Shp data and Fusion Tables

A lot of geographic data in public domain is distributed in SHP format. However, Fusion Tables application supports geographic data only in KML format. Google has recognised the opportunity and is now providing a link to a “translator/loader” application to facilitate uploading of SHP files into Fusion Tables. Shpescape has been implemented with GeoDjango framework and is aimed at facilitating the process of converting and loading that vast resource of GIS data from SHP format into Fusion Tables. It should potentially improve uptake of Fusion Tables by GIS as well as broader application development community.

The concept behind Shpescape is great but, for now it fails in terms of performance. I tried the application with a modest size SHP datataset (40MB) and the result was not impressive. It took extremely long time to upload the data to the server, process it into KML and load into the Fusion Tables (short of an hour!). I know from my own experiments that converting SHP into KML takes only a few seconds with basic PHP script. Allowing for download and upload time (since 2 separate servers are involved), the whole process should be finished in a matter of minutes and not almost an hour. The biggest disappointment was that the algorithm used in Shpescape enforces generalisation of polygons and does not process “point for point” from SHP to KML [correction, it’s is actually undesirable Fusion Tables feature and not Shpescape fault]. It resulted in some polygons being converted incorrectly and/or corrupted in the process (as per image below).

Shpescape will work with small SHP files, with simple geometries but, as it stands, Fusion Tables are unable to handle full resolution datasets. Therefore it may be better to generalise SHP files before loading into Fusion Tables via Shpescape.

Related Posts:
Converting shapefile to KML
Converting csv data into shapefile


Unknown said...

Try using Quantum GIS for this conversion, it's a very convenient open source GIS-programm.

At least on my pc, the shp->kml conversion was very simple and quick.

All Things Spatial said...

Indeed Eric, it’s a very easy process with QGIS – I tried it myself earlier today! I have to flag this option in the related post. Thanks for bringing it up.

If I could only figure out how to add text to be converted to KML at the same time (for info windows). I know I can add a column to attribute table but not sure how to populate it with relevant HTML tags and text. There seem to be a limit of 255 characters. Any suggestions?

Josh said...

Hey - thanks for the post and good feedback on shpEscape.

A few comments:
- The site isn't officially supported by Google; just something I built one weekend

- In terms of performance, I do some row by row analysis which is definitely not optimal, but also helps ensure compatibility with Fusion Tables (for example the requirement all geometries are less than 1M characters in length after conversion to KML, which means I have to simplify some of them).

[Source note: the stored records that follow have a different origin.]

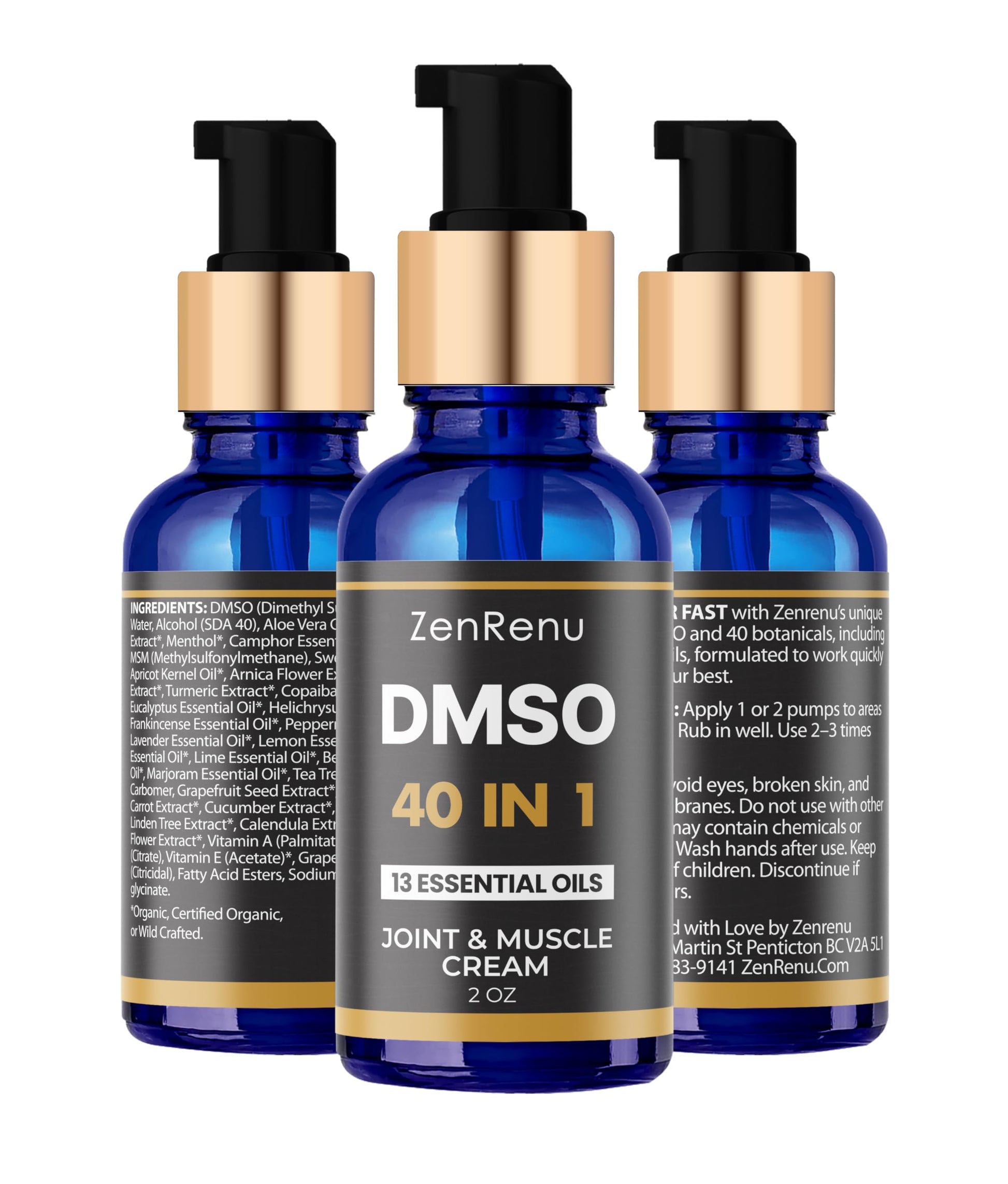 Zenrenu DMSO Cream 99.995% Pure Pharmaceutical Grade - 40-in-1 Advanced Formula -12 Essential Oils, Arnica, Aloe Vera, MSM - Fast-Absorbing Cream – 2 oz Glass Pump Bottle – Made in USA ZenrenuBuy Supplements Australia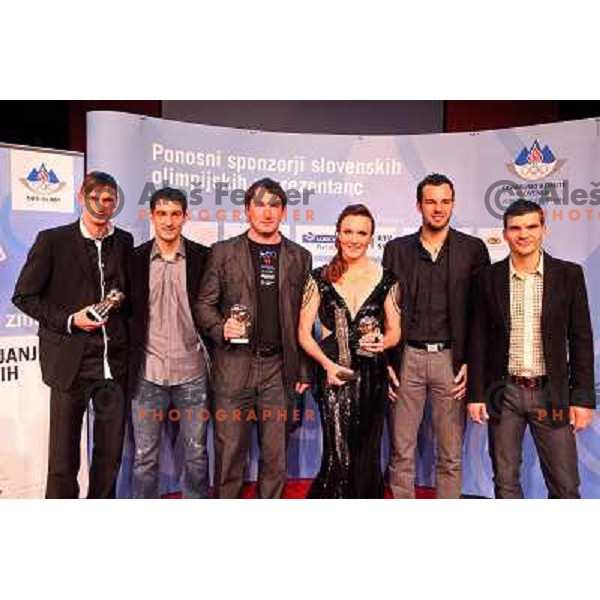 Novakovic, ilic, Primoz Kozmus, Petra Majdic, Handanovic,Radosavljevic during Slovenia Sportsman of the Year 2009 awards, Cankarjev Dom, Ljubljana, Slovenia 22.12.2009 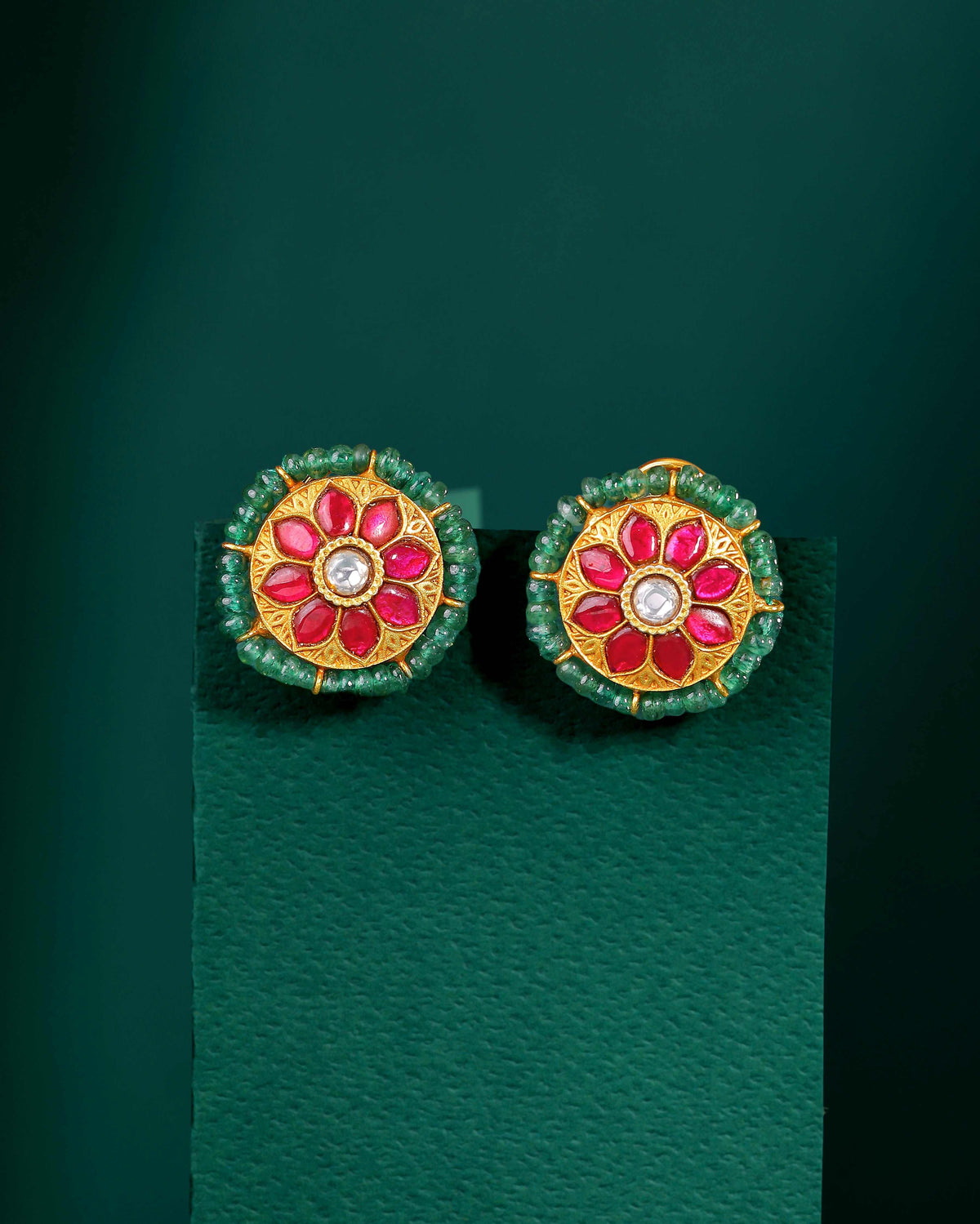Silver Studs With Green Beads by Tavya Jewellery - close-up detail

- If the geometry is valid and doesn't require simplification it just uses GDAL/OGR to do the shp-> KML conversion, so there shouldn't be any additional corruption of geometries from the shpEscape code

- Good point about slowness: As of v1.9 GDAL supports a Fusion Tables driver which I'll use instead of manually going through each row. One advantage (in my mind) of shpEscape is it adds some attributes for each feature that let you more easily style things in Fusion Tables, but most people may not care about this so speed should be the default

Thanks again for the comments.

All Things Spatial said...

Hi Josh and thanks for your comment.

Having spent more time playing with Fusion Tables I now better understand the limitations. Indeed, it’s not shpEscape that is the issue but rather Google Fusion Tables itself. It generalises some polygons while plainly “refusing” to process others - 1 million characters limit is really an issue that may hold back some potential users since it requires additional processing of input files. And when the row fails, the rest of the rows is not loaded either.

I believe shpEscape has a great potential, especially if you allow for some “user input” (eg. selection of attributes to transfer) and strictly implement checks for 1 million character limit per cell so all polygons are loaded. But the challenge will be to maintain topological consistency (ie. if one polygon is generalised and the adjoining is not - it may result in mismatch in boundaries)

I amended my post based on your comment and my further investigations. Keep me posted when you have the next version ready!